The Teamsters’ 26-member board, meeting this week in South Carolina, voted unanimously against endorsing a candidate just yet, according to James Rosen of Fox News. He called it “an intentional snub to Democratic front-runner Hillary Clinton.”

Truckers are hopping mad at Mrs. Clinton for coming out against the Keystone oil pipeline. They also have their eye on Vice President Biden, a labor lackey who is wavering over whether to jump into the race. That may well be their main motive.

Mr. Rosen reports, though, that another thing is holding them back. The drivers want the chance to sit down with the Republican candidates — “most notably,” according to Mr. Rosen, Donald Trump. The Donald has taken a more protectionist line than other candidates in the GOP.

It would be unwise to make too much of this report. Protectionism is a poor policy, and many are the scribes who’ve grown old and gray waiting for Big Labor to come to recognize the job-killing nature of the socialism of the Democratic Party.

In recent years, moreover, only one Republican has pointedly reached out to labor. That was Sarah Palin, whose husband was a member of the Steelworkers. Sarah herself, from her days with the telephone company, was a card-carrying sister of the International Brotherhood of Electrical Workers.

Palin’s outreach to working Americans drove Richard Trumka of the AFL-CIO to fly to Alaska to give a speech attacking the ex-governor. Palin responded with a widely read Facebook posting headlined “Union Brothers and Sisters, Join Our Commonsense Cause.”

The Alaskan, for other reasons, failed to prosper politically, and none of the GOP gedoylim has picked up the theme. That strikes me as a tragedy, particularly given the bitterness of the jobs recession that has swallowed the Obama presidency.

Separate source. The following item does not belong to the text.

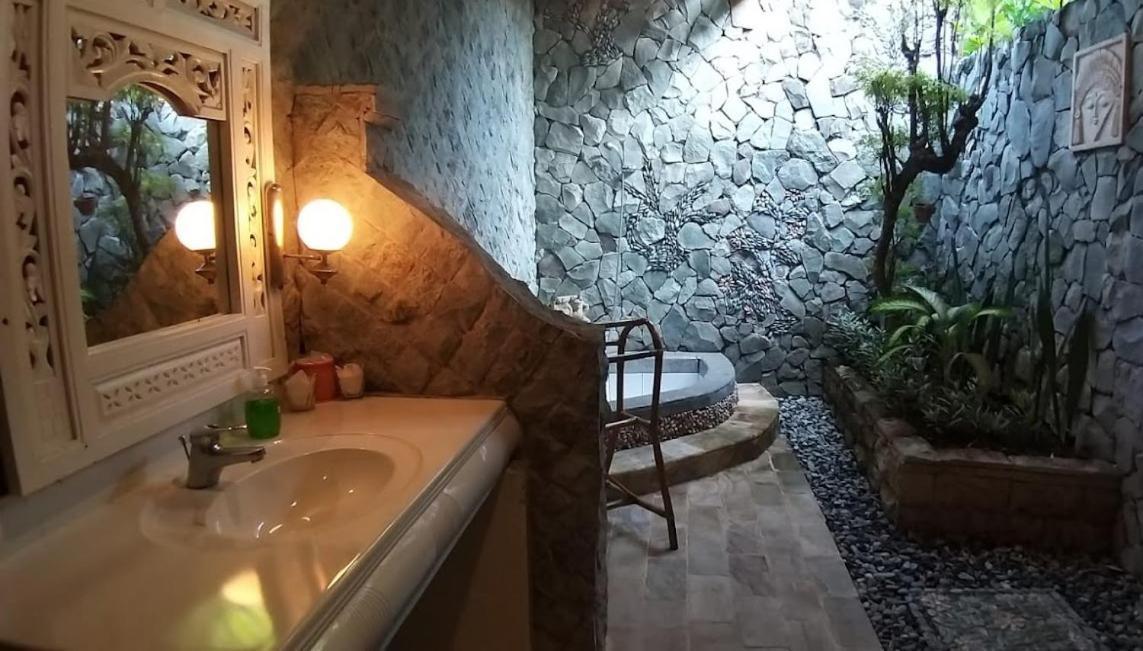 Rambutan Hotel Lovina  Exterior photo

The Teamsters, with more than 1.3 million members, is the fourth-largest union in America. The three larger unions represent primarily teachers and state and local government employees and many service employees working for the government.

So I like to think of the Teamsters as the largest union invested mainly in the real economy. It knows that the average annual unemployment rate during the first six years of the Obama presidency is something like a catastrophic 8.25 percent.

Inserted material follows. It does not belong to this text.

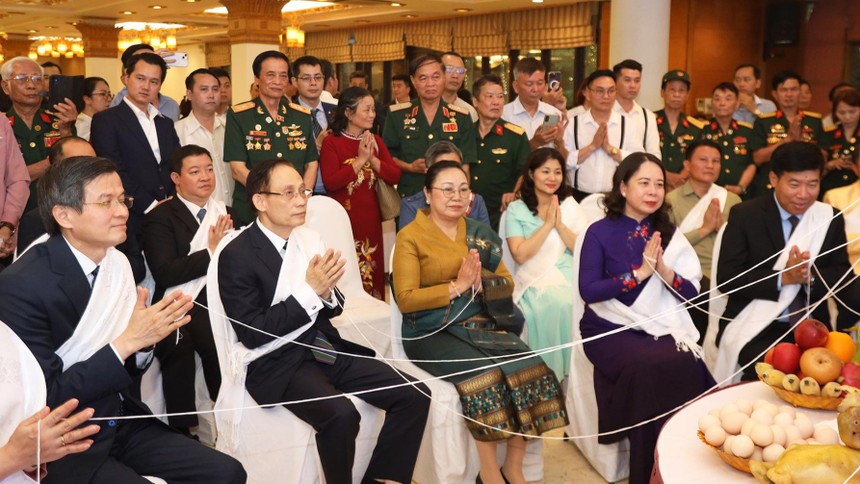 Tham dự buổi lễ có các đồng chí: Lê Hoài Trung, Ủy viên Bộ Chính trị, Bộ trưởng Ngoại giao; Đoàn Minh Huấn, Ủy viên Bộ Chính trị, Giám đốc Học viện Chính trị Quốc gia Hồ Chí Minh; Võ Thị Ánh Xuân, Bí thư Trung ương Đảng, Phó Chủ tịch nước, cùng một số đồng chí Ủy viên Trung ương Đảng, đại diện lãnh đạo các ban, bộ, ngành Trung ương và địa phương.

Even as millions quit looking for work and even as the Federal Reserve has ballooned its balance sheet by more trillions of dollars in an effort to generate jobs, unemployment is still above its average in the generation following World War II.

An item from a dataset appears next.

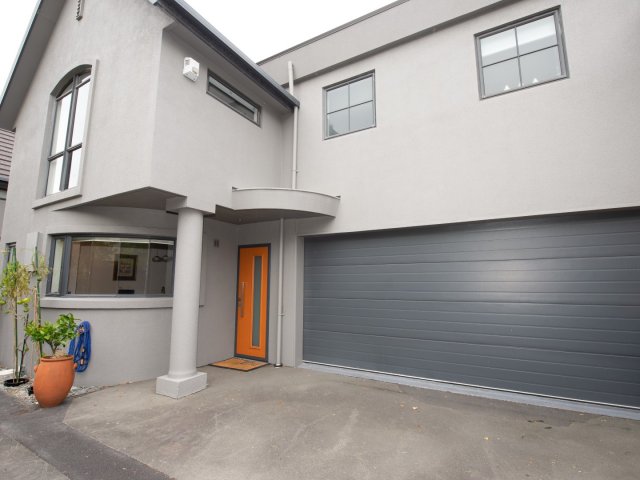 Townhouse by Hagley Park available May 2024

That’s when the Teamsters won their greatest triumph, the Master Freight Agreement, and ushered over-the-road truck drivers into the middle class. In 1972, they helped re-elect President Nixon, who’d just sprung from jail the union’s most famous president, Jimmy Hoffa.

Could the Teamsters swing behind Donald Trump? It’s hard to see Mr. Trump’s penchant for protectionism as a plus for truck drivers. It’s always been a job-killer in the long run. Yet the Teamsters are dug in against the administration’s Trans-Pacific Partnership.

Then, again, that has been supported by Mr. Biden. So the Teamsters may not have an anti-free-trade option. The biggest jobs program would be a cut in capital-gains and corporate taxes and tax reforms to enable American corporations to bring back the couple of trillion dollars they have parked overseas.

That’s not something the Teamsters (or anyone else) are going to find among the Democrats. Yet Mr. Trump hadn’t even published the details of his tax plan when the Teamsters Web site was linking to articles attacking it as a “giveaway to the wealthiest.”

In the end, the prospect that a leading union will swing behind a Republican is probably going to prove to be a vain hope. But surprises are always possible, as labor learned when the Soviet Union was collapsing and members of the Polish union Solidarity were mounting their revolt against Communism.

Who was the leader who came to visit them? Whom did they cheer from their cranes and scaffolds? It was Prime Minister Margaret Thatcher, the most free-market leader in Europe.

Is there a Republican who can make that kind of connection with labor? If so, it won’t be just the Teamsters who are looking around.